Another menace: unsafe cyclists. I learned invaluable safety measures on the Boston/NYC AIDS Ride. I encounter few riders who signal when passing. I see riders often without helmets and, worse, wearing headphones. Please keep encouraging safe cycling practices.
Heide Fasnacht
New York, NY
T.A. has and will continue to educate road users of the laws and safe practices (fyi, helmets, while not required, are smart; headphones are prohibited). To brush up, see www.transalt.org/features/lawart.html. -Ed

Dear T.A.:
Here is another example of the airless atmosphere created by Rudolph Giuliani, in which everyone is expected to serve the mayor's biases - in this case encouraging driving in the city.
I was hired by the DOT to create ads for last year's "Bike Month." My fee, the ads, and even the salaries of the DOT's bike people were paid for entirely by federal money allocated to promote cycling in the city. However, as the mayor has signaled the preeminence of the car in New York's transportation mix, the DOT dares not contravene his will, even at the cost of misusing their federal grant.
The DOT rejected one of my ideas for a "Bike Month" ad because it suggested cars pollute, make noise and cause congestion. They said I couldn't imply that. I posed an idea that driving in the city wasn't pleasurable. They said I couldn't imply that either. Instead, I was told to create ads that held drivers, pedestrians and cyclists in equal regard.
In an effort to be agreeable, I floated the line, "Drive, ride, and walk the way your doctor, lawyer, minister, and mother would want you to." There ensued a discussion as to what race, ethnic group, and gender to make them. I suggested we make the mother a woman. My remark was not well received.

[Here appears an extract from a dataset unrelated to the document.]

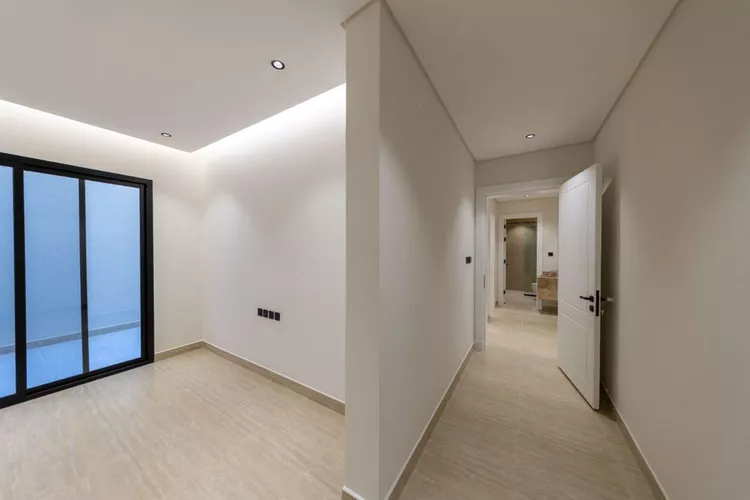 Floor for Sale in Riyadh Al Aqiq صورة 3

DOT civil servants took exception to the word "minister" because, they said, it didn't encompass Jews and we couldn't exclude Jews. I said a rabbi is a minister. That wasn't good enough. Then one of the civil servants said we couldn't use "mother" either because not all mothers are caring.

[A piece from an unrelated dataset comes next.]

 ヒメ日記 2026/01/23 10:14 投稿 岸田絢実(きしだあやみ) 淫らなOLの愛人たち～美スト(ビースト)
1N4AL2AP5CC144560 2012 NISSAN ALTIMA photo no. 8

They liked an ad that had the headline: "We Bike Here." My intent was to change the perception that cyclists are irresponsible people. The headline would be surrounded by the names of hundreds of people who bike in the city and their professions: doctors, accountants, lawyers, professors, engineers, economists, designers, programmers, schoolteachers, DOT employees, and even ad writers. My favorites were an MTA bus mechanic and a subway maintenance man.

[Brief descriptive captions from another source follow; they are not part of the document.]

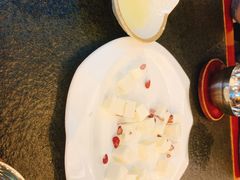 -诺敏塔拉奶茶-布里亚特包子-手把肉(锦都会店)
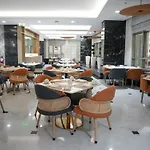 Rotana Al Manakha Madinah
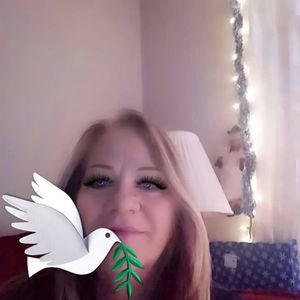 Meet your Posher, Doris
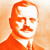 Artwork for Jean Sibelius - Étude Op.76 no. 2 (A minor)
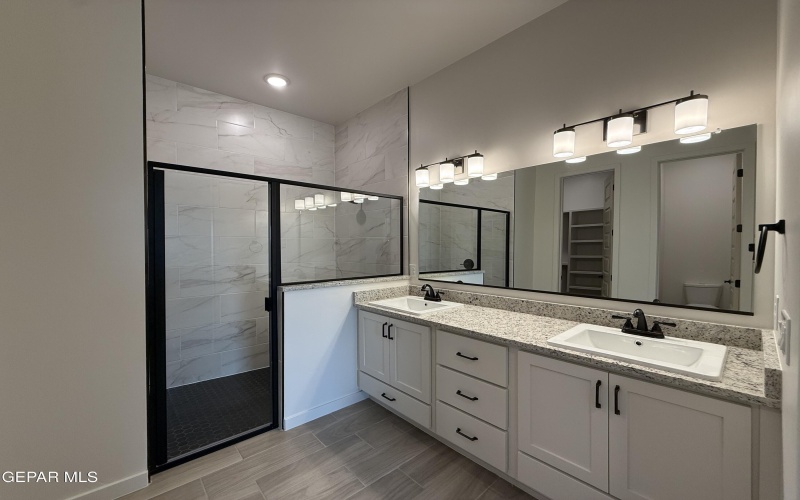 15212 ENDURANCE Avenue, El Paso, TX 79938, 3 Bedrooms Bedrooms, ,2 BathroomsBathrooms,Residential,For Sale,15212 ENDURANCE Avenue,0,941590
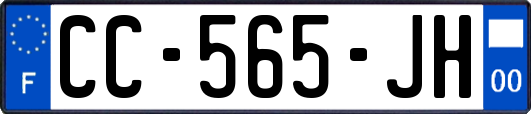 CC-565-JH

Among the names I had were ex-Manhattan Borough President Ruth Messinger; Fernando Ferrer, the Bronx Borough President; John Kennedy, Jr.; and Robin Williams. I was told I couldn't include the first three because they were known Democrats and the list would have to be vetted by City Hall. And could I vouch that Robin Williams had not donated to the Democrats?
The DOT civil servants had so altered the original assignment, perverted the expressed use of federal funds, and politicized the campaign, that I balked at doing further work for them. I was told I was unprofessional.
They so liked their own mediocre handiwork, they've brought it back for this year. Don't look for it to promote cycling. It doesn't. Welcome to the NYC DOT's "Bike Month."